How do I measure data accuracy without ground truth?

Three approximations: (1) manual spot-check — sample 100 rows/day and verify against live pages; (2) cross-source consistency — the same product on multiple sites should have prices within ~10%; (3) internal validation — currency matches ISO 4217, dates parse, URLs resolve, prices are positive numbers. None are perfect; combined they catch most issues.

What's a reasonable threshold for data freshness?

Depends on use case. Stock/crypto prices: <5 minutes. E-commerce inventory: <1 hour. Product catalog: <24 hours. Market research aggregates: <7 days. SEO tracking: <30 days. Set thresholds explicitly per dataset based on how stale data degrades the downstream decision.

How is schema drift different from a scraper bug?

Schema drift means the source site changed its structure (new field, renamed field, removed field).

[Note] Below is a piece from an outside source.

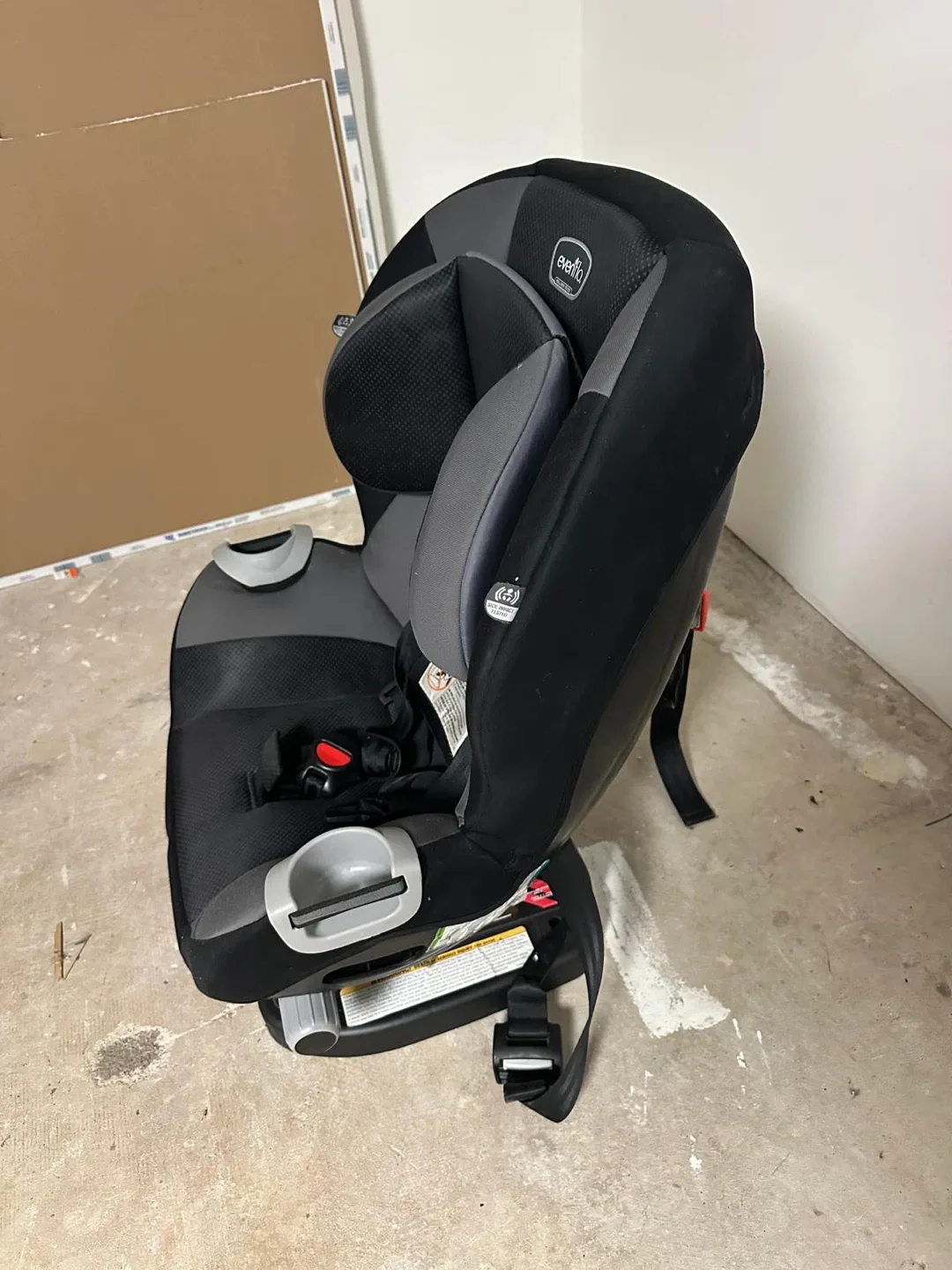 Evenflo Car Seats - Infant & Convertible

Your scraper hasn't necessarily broken — it may still extract most fields fine. A scraper bug means your code is wrong. Detection: drift = new field names appearing; bug = stable field names but wrong values. Different fixes.

What's a good error rate target?

Total <5% (timeouts + 4xx + 5xx + parse errors combined). Of that, network errors and transient 5xx are expected (always retry). 4xx from anti-bot detection should be <1% with clean residential proxies. Parse errors should be 0% on well-tested scrapers — if non-zero, the site structure changed and you have schema drift.

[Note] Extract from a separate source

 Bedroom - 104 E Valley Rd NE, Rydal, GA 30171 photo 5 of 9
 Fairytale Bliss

How often should I run accuracy spot checks?

Daily sample of 100 rows for high-value datasets (pricing, financial). Weekly for market research. Quarterly for archival data. Automate the sampling, but the comparison itself needs human eyes — you're looking for subtle issues automated checks miss. Track the % match over time as a trend.

Should I track per-field coverage or just overall completeness?

Both. Overall gives you a top-level health signal. Per-field catches issues that overall hides — e.g., the discount_price field dropping from 80% to 0% (site moved that data) is invisible at the aggregate level. Set per-field thresholds (alert on >10% drop from 7-day average).

Does proxy quality really affect these metrics?

Yes, dramatically. Real-world data: switching from datacenter to Premium Residential typically reduces decoy rate from ~25% to ~3%, error rate from ~12% to ~4%, and accuracy improvement from ~85% to ~96%. The proxy bandwidth premium ($2.75/GB vs $0.50/GB) is dwarfed by the value of accurate downstream decisions.

Data Quality Metrics: KPIs for Scraped Pipelines (2026)

Daniel K.

Sun May 10 2026

Quick verdict: The 8 metrics worth instrumenting on a scraping pipeline: completeness rate, accuracy rate, freshness lag, dedup rate, schema-drift count, decoy rate, error rate, and per-field coverage. Each has a formula and a sensible threshold. Track them daily; alert when any drops below threshold. Without numbers, "data quality" is a vibes-based discussion.

1. Completeness Rate

Definition: percentage of required fields populated across all scraped rows.

Formula: sum(non-null required fields) / (rows × required field count)

REQUIRED = ["sku", "title", "price", "url"]

def completeness(df):
    total_cells = len(df) * len(REQUIRED)
    populated = sum(df[c].notna().sum() for c in REQUIRED)
    return populated / total_cells

Threshold: >99% for required fields. >80% for optional fields. Alert below.

2. Accuracy Rate

Definition: percentage of values that match a ground-truth source.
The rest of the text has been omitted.